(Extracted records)
-----
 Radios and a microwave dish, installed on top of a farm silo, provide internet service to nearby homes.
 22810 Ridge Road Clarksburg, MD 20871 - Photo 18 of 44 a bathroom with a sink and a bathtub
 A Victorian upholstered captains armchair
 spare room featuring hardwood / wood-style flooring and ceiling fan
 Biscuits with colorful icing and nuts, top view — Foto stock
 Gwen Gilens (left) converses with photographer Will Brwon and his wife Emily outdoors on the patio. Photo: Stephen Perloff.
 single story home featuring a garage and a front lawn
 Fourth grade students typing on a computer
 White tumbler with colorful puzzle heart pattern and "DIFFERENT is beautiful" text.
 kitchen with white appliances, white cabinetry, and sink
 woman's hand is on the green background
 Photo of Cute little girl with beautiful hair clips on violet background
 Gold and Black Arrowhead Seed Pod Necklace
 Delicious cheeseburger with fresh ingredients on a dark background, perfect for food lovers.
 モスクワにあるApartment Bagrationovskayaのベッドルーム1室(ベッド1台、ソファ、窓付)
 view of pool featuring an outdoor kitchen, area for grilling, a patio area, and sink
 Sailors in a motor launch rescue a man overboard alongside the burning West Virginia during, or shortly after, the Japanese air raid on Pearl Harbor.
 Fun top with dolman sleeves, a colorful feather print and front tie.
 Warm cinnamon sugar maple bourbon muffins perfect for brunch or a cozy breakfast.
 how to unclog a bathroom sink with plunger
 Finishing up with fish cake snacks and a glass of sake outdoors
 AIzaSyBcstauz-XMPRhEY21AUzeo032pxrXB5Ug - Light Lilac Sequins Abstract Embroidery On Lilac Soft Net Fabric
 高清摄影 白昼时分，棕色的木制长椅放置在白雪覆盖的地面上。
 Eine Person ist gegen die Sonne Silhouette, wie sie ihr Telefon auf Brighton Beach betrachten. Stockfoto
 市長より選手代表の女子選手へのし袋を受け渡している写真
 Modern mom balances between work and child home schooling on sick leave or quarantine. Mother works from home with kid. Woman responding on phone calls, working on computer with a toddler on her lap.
-----
### Goal of the exercise
Starting at the first line of the data above, please restate word for word every line up to and including the one that holds "view of pool", and add nothing else.

### Final answer
 Radios and a microwave dish, installed on top of a farm silo, provide internet service to nearby homes.
 22810 Ridge Road Clarksburg, MD 20871 - Photo 18 of 44 a bathroom with a sink and a bathtub
 A Victorian upholstered captains armchair
 spare room featuring hardwood / wood-style flooring and ceiling fan
 Biscuits with colorful icing and nuts, top view — Foto stock
 Gwen Gilens (left) converses with photographer Will Brwon and his wife Emily outdoors on the patio. Photo: Stephen Perloff.
 single story home featuring a garage and a front lawn
 Fourth grade students typing on a computer
 White tumbler with colorful puzzle heart pattern and "DIFFERENT is beautiful" text.
 kitchen with white appliances, white cabinetry, and sink
 woman's hand is on the green background
 Photo of Cute little girl with beautiful hair clips on violet background
 Gold and Black Arrowhead Seed Pod Necklace
 Delicious cheeseburger with fresh ingredients on a dark background, perfect for food lovers.
 モスクワにあるApartment Bagrationovskayaのベッドルーム1室(ベッド1台、ソファ、窓付)
 view of pool featuring an outdoor kitchen, area for grilling, a patio area, and sink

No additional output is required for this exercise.